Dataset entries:

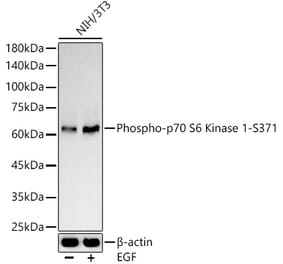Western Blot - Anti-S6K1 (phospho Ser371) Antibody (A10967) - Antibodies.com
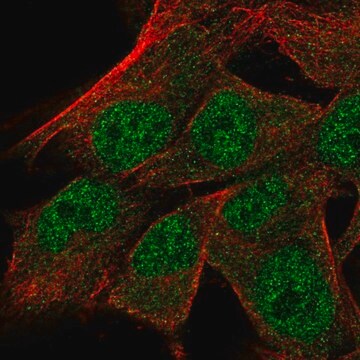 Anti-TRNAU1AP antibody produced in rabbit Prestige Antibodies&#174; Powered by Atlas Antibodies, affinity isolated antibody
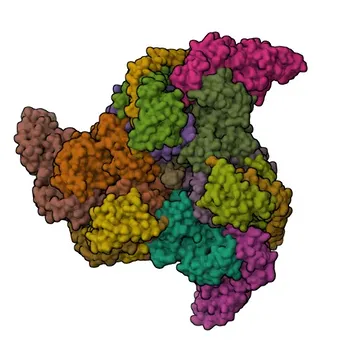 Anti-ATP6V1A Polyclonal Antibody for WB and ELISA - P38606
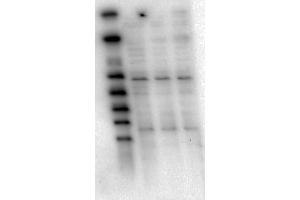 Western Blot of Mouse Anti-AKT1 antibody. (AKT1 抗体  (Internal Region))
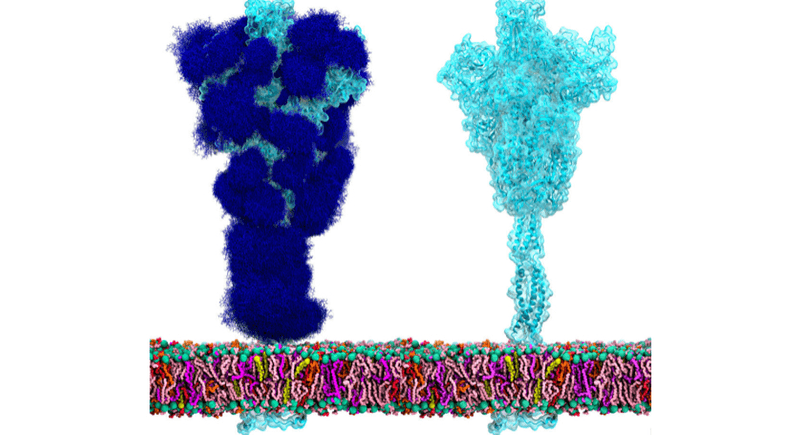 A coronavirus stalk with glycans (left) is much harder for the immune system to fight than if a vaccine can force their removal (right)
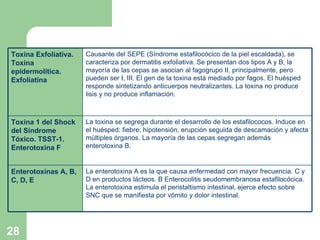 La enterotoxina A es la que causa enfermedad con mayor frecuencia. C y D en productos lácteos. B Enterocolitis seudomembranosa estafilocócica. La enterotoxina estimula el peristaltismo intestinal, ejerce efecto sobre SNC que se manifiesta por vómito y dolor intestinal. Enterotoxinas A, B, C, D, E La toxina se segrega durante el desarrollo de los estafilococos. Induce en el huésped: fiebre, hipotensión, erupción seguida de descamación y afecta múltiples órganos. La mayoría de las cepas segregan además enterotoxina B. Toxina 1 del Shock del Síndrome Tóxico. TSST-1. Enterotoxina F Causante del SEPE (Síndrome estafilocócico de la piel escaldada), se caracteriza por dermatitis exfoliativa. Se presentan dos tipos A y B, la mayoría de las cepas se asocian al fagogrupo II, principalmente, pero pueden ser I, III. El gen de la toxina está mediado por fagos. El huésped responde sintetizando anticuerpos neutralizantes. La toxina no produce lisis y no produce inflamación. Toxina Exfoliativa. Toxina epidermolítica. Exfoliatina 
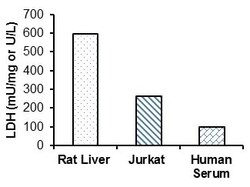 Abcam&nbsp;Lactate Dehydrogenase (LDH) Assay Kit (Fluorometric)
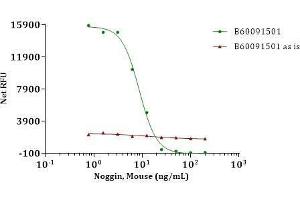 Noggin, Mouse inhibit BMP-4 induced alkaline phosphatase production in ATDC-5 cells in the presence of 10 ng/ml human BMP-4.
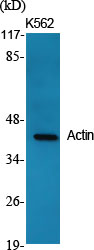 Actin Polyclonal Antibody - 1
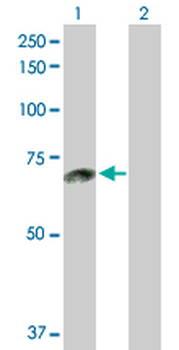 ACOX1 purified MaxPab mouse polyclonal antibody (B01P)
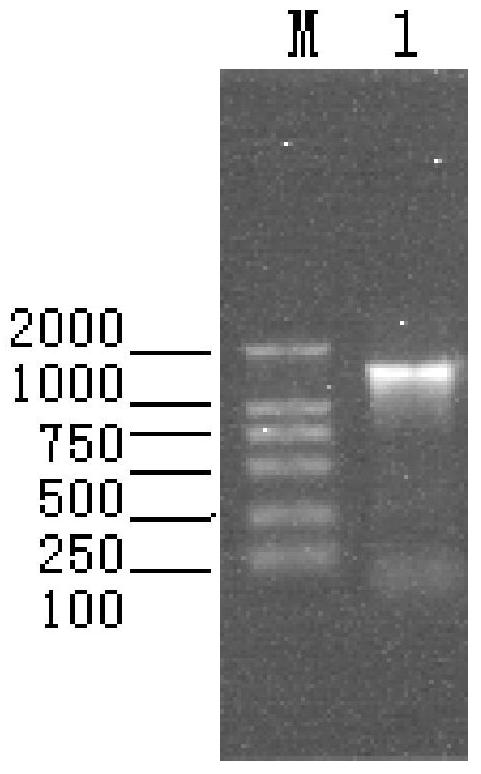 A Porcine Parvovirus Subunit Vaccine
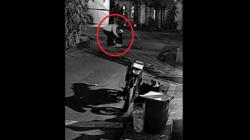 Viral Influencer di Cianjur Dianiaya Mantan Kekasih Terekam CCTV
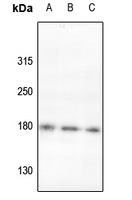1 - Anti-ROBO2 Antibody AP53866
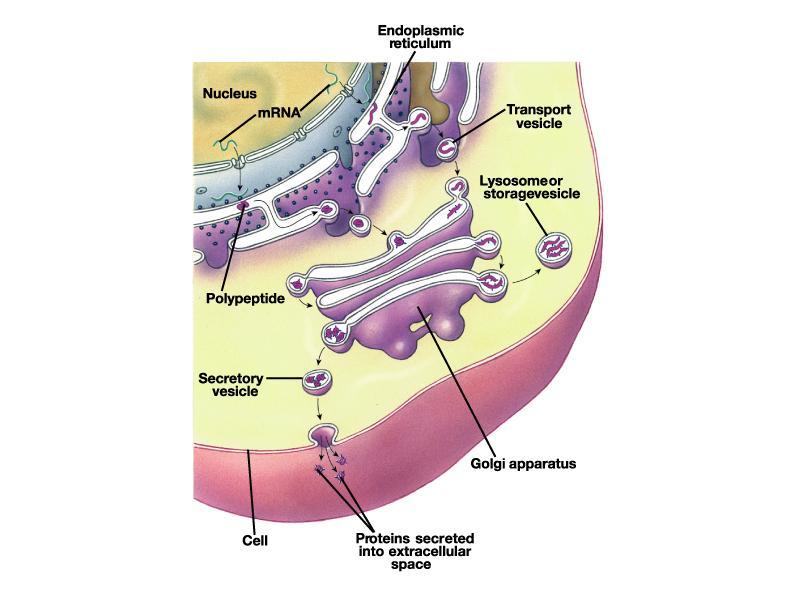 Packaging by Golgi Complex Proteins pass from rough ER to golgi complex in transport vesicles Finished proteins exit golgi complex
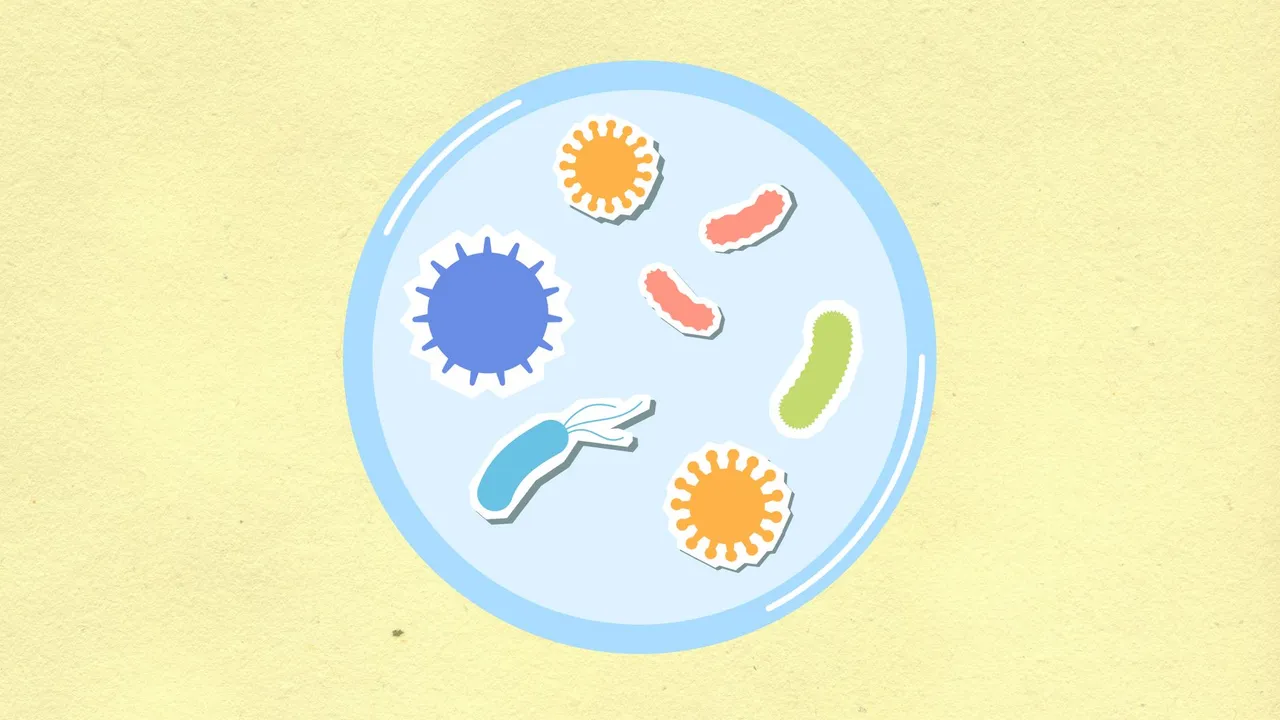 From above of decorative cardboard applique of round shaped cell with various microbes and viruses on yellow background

EXERCISE PROMPT
Retyping should start at the first line of the data above and stop after the line with "A coronavirus stalk", and no picture should be included.

ANSWER FOR THIS EXERCISE
Western Blot - Anti-S6K1 (phospho Ser371) Antibody (A10967) - Antibodies.com
 Anti-TRNAU1AP antibody produced in rabbit Prestige Antibodies&#174; Powered by Atlas Antibodies, affinity isolated antibody
 Anti-ATP6V1A Polyclonal Antibody for WB and ELISA - P38606
 Western Blot of Mouse Anti-AKT1 antibody. (AKT1 抗体  (Internal Region))
 A coronavirus stalk with glycans (left) is much harder for the immune system to fight than if a vaccine can force their removal (right)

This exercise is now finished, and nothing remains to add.